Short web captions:

BEGIN

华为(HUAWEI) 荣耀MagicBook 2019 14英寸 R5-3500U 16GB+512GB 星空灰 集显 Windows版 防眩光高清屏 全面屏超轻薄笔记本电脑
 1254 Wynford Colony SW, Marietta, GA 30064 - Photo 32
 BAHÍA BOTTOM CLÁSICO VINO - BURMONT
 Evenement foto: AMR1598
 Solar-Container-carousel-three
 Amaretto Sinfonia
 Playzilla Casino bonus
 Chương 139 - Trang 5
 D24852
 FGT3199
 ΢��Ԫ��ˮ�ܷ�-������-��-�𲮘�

END

* [Description of the task]:
Each record above should be set down again in its exact wording.

* [Answer box]:
华为(HUAWEI) 荣耀MagicBook 2019 14英寸 R5-3500U 16GB+512GB 星空灰 集显 Windows版 防眩光高清屏 全面屏超轻薄笔记本电脑
 1254 Wynford Colony SW, Marietta, GA 30064 - Photo 32
 BAHÍA BOTTOM CLÁSICO VINO - BURMONT
 Evenement foto: AMR1598
 Solar-Container-carousel-three
 Amaretto Sinfonia
 Playzilla Casino bonus
 Chương 139 - Trang 5
 D24852
 FGT3199
 ΢��Ԫ��ˮ�ܷ�-������-��-�𲮘�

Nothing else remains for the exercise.